HOW SHASTA SET OUT ON HIS TRAVELS


THIS IS THE STORY OF AN ADVENTURE that happened in Narnia and Calormen and the lands between, in the Golden Age when Peter was High King in Narnia and his brother and his two sisters were King and Queens under him.

In those days, far south in Calormen on a little creek of the sea, there lived a poor fisherman called Arsheesh, and with him there lived a boy who called him Father. The boy’s name was Shasta. On most days Arsheesh went out in his boat to fish in the morning, and in the afternoon he harnessed his donkey to a cart and loaded the cart with fish and went a mile or so southward to the village to sell it. If it had sold well he would come home in a moderately good temper and say nothing to Shasta, but if it had sold badly he would find fault with him and perhaps beat him. There was always something to find fault with for Shasta had plenty of work to do, mending and washing the nets, cooking the supper, and cleaning the cottage in which they both lived.

Shasta was not at all interested in anything that lay south of his home because he had once or twice been to the village with Arsheesh and he knew that there was nothing very interesting there. In the village he only met other men who were just like his father—men with long, dirty robes, and wooden shoes turned up at the toe, and turbans on their heads, and beards, talking to one another very slowly about things that sounded dull. But he was very interested in everything that lay to the North because no one ever went that way and he was never allowed to go there himself. When he was sitting out of doors mending the nets, and all alone, he would often look eagerly to the North. One could see nothing but a grassy slope running up to a level ridge and beyond that the sky with perhaps a few birds in it.

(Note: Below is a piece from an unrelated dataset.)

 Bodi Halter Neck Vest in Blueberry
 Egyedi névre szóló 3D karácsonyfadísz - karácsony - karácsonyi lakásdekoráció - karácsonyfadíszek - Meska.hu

Sometimes if Arsheesh was there Shasta would say, “O my Father, what is there beyond that hill?” And then if the fisherman was in a bad temper he would box Shasta’s ears and tell him to attend to his work. Or if he was in a peaceable mood he would say, “O my son, do not allow your mind to be distracted by idle questions. For one of the poets has said, ‘Application to business is the root of prosperity, but those who ask questions that do not concern them are steering the ship of folly toward the rock of indigence.’”

Shasta thought that beyond the hill there must be some delightful secret which his father wished to hide from him. In reality, however, the fisherman talked like this because he didn’t know what lay to the North. Neither did he care. He had a very practical mind.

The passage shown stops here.